##### Records supplied #####
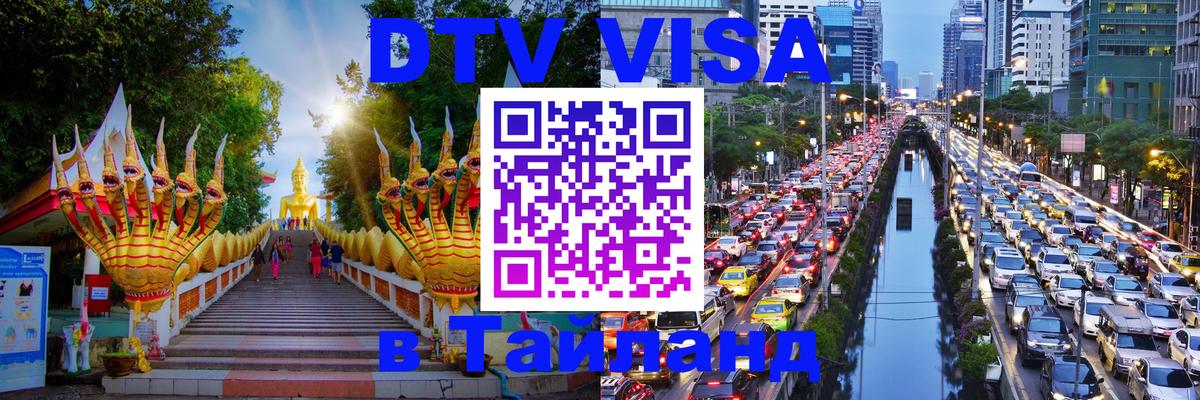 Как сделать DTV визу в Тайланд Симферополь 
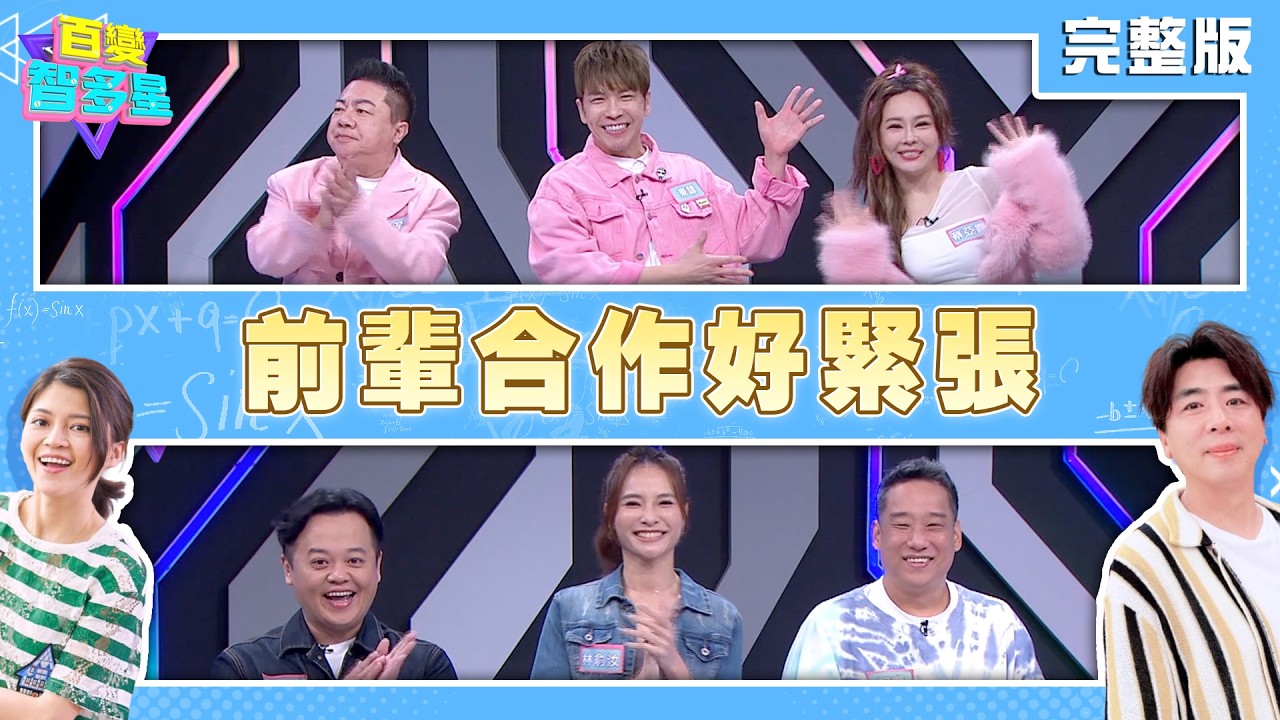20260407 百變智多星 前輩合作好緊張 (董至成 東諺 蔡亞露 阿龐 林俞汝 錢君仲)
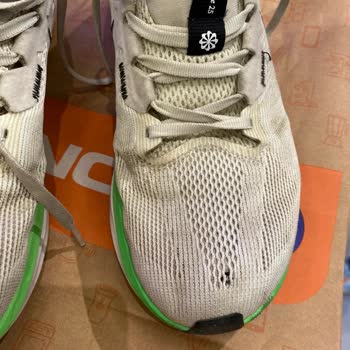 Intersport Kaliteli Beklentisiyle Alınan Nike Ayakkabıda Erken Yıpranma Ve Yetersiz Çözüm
#####
##### Records supplied #####
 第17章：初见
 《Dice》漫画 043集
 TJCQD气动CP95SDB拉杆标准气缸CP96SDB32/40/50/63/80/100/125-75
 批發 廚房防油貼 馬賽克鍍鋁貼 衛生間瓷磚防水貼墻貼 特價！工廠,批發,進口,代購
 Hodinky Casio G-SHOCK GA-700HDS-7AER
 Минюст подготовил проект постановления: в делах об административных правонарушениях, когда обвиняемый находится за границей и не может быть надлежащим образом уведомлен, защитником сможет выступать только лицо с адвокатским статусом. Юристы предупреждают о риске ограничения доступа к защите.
#####
##### Records supplied #####
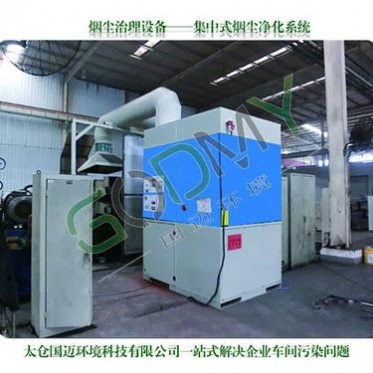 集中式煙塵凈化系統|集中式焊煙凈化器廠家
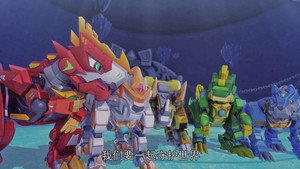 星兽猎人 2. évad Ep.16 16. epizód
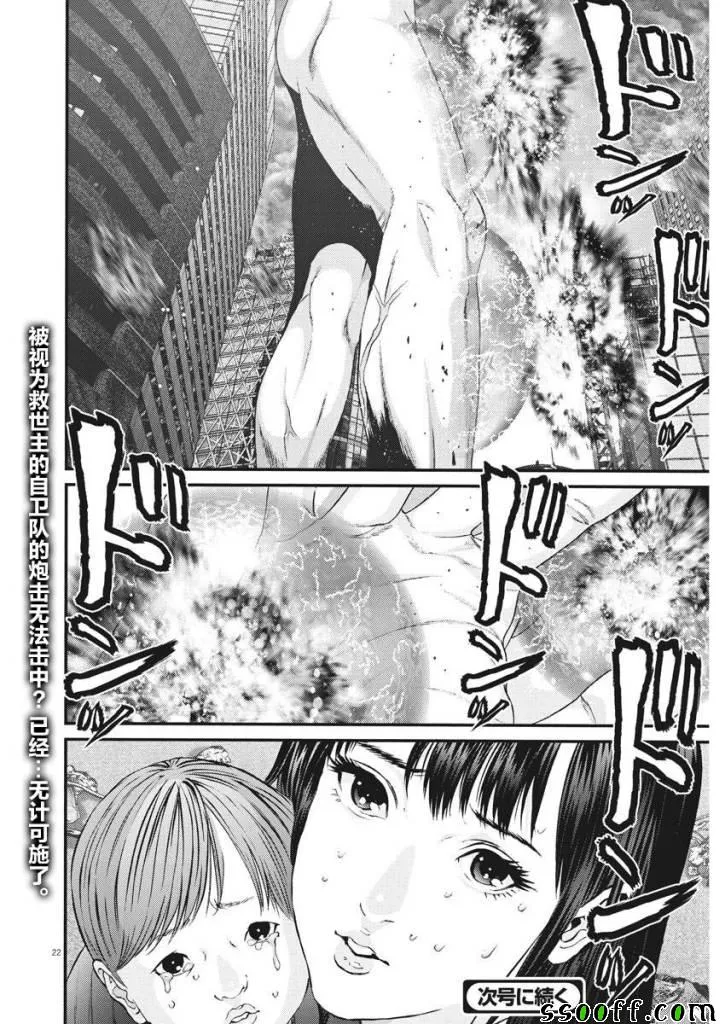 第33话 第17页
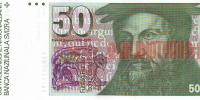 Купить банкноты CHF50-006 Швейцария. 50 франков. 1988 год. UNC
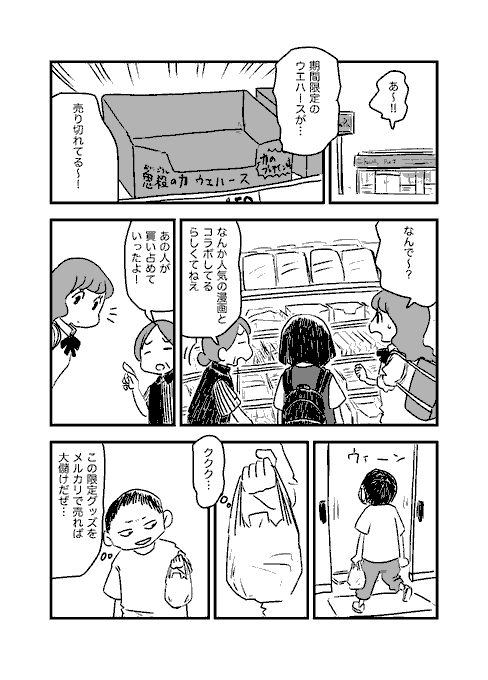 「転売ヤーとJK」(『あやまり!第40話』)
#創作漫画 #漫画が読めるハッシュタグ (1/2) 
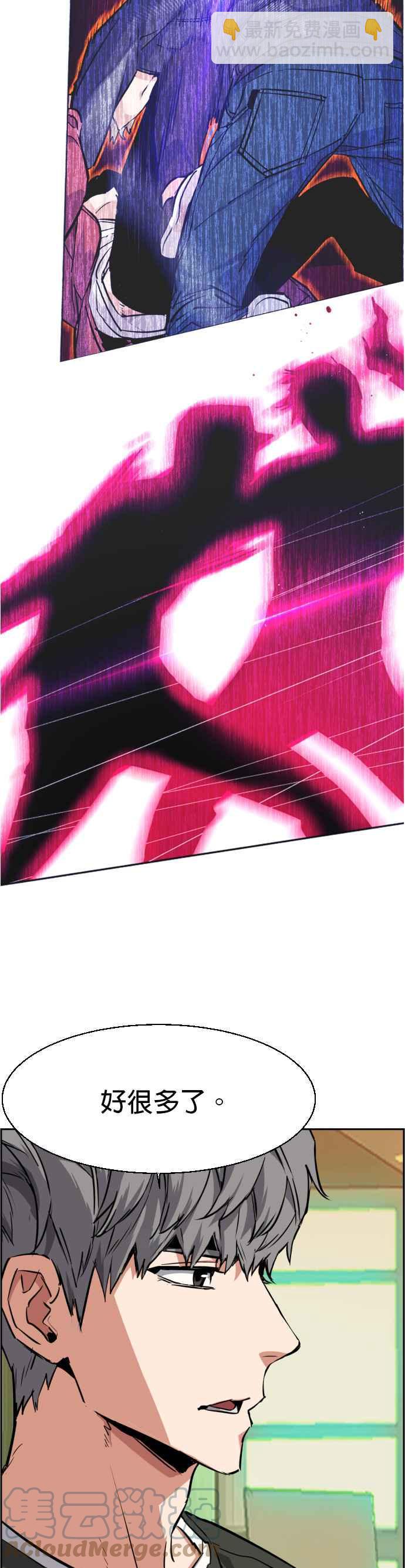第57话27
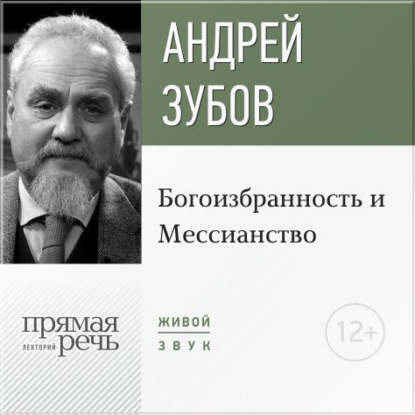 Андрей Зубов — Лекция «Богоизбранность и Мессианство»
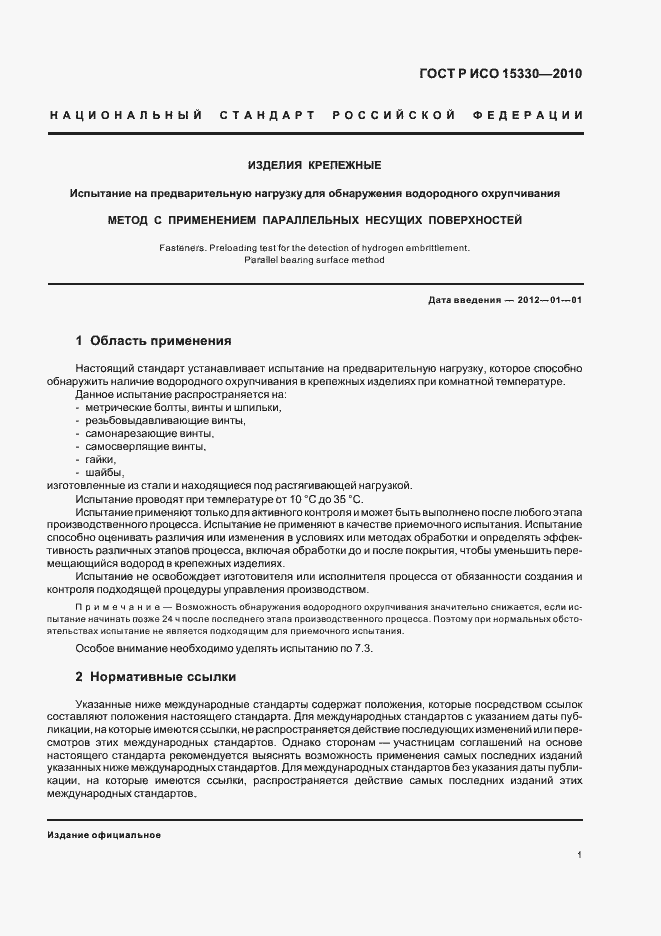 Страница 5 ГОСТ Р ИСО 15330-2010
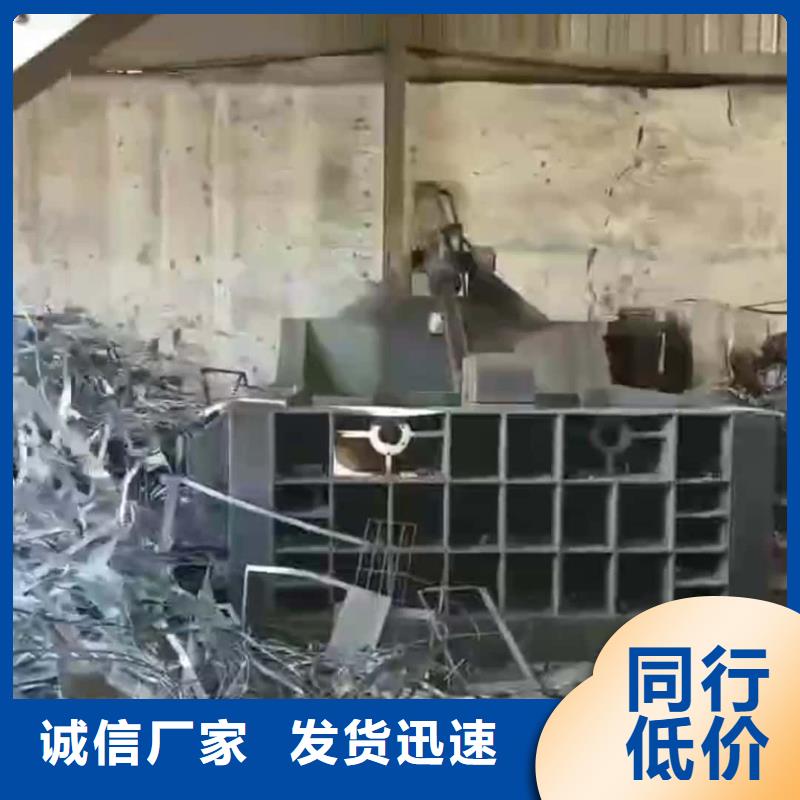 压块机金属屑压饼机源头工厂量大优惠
#####
Task to complete: When the line with "Hodinky Casio G-SHOCK GA-700HDS-7AER" is reached in the data above, start copying there, and copy each line exactly until the line with "Минюст подготовил проект" has been copied; copy nothing else.

Completed exercise:
 Hodinky Casio G-SHOCK GA-700HDS-7AER
 Минюст подготовил проект постановления: в делах об административных правонарушениях, когда обвиняемый находится за границей и не может быть надлежащим образом уведомлен, защитником сможет выступать только лицо с адвокатским статусом. Юристы предупреждают о риске ограничения доступа к защите.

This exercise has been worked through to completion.